**Brief**
Tell how many lines contain the string "Handmade" in the material underneath; the reply is that number and no more.
○ ○ ○
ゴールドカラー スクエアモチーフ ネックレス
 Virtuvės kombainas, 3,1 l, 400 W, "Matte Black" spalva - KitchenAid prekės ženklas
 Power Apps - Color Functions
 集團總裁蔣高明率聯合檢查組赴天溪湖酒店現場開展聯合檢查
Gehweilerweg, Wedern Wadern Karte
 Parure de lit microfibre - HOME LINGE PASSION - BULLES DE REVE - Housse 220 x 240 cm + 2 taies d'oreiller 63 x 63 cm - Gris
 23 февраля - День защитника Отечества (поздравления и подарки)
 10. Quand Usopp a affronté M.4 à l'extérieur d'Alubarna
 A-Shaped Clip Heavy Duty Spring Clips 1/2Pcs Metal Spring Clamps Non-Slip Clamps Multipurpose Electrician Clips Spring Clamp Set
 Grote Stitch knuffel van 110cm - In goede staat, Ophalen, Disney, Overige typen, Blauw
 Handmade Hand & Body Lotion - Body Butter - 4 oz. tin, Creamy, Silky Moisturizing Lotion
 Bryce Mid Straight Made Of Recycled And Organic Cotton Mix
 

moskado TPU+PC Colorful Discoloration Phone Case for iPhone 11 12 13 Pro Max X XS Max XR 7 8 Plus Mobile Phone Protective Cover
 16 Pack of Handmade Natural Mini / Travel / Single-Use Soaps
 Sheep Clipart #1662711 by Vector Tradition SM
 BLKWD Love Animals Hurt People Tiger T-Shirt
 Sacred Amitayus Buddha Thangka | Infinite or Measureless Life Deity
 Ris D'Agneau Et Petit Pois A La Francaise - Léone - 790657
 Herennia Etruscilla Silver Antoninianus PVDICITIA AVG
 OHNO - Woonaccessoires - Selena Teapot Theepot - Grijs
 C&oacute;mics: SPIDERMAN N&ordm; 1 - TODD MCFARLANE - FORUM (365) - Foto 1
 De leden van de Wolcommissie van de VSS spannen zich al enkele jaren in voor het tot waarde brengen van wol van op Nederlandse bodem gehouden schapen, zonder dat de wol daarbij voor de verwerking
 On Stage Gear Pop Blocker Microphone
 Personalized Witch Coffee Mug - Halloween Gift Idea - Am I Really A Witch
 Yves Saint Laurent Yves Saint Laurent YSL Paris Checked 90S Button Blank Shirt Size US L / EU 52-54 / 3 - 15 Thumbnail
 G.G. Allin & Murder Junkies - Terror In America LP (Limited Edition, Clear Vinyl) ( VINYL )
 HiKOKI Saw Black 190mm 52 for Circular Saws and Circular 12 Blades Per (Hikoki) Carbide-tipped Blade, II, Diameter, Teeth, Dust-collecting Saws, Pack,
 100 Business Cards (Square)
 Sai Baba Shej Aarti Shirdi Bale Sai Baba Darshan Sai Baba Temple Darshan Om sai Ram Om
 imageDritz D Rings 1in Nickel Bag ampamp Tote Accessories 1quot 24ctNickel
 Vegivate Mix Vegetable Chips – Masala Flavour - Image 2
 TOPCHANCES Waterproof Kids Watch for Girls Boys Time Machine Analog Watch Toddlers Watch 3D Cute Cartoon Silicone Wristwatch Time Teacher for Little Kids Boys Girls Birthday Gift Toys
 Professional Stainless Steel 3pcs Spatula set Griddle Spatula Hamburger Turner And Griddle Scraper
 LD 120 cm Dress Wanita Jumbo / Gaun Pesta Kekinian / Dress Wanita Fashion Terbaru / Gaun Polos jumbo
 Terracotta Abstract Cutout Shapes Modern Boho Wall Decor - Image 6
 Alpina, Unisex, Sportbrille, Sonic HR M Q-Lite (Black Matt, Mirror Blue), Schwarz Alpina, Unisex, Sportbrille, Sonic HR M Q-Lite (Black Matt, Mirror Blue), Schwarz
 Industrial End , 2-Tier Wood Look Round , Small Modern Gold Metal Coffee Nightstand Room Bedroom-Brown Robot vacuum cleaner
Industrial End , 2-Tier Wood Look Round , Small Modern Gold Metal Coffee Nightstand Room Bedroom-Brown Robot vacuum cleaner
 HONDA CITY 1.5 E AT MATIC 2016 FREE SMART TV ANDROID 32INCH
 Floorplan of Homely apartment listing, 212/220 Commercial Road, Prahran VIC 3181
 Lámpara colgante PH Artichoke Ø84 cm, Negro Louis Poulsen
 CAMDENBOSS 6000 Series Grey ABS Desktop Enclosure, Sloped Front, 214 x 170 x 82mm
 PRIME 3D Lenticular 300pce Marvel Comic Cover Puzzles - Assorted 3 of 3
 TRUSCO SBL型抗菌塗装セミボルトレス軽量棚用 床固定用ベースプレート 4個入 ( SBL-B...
○ ○ ○
**Task response**
2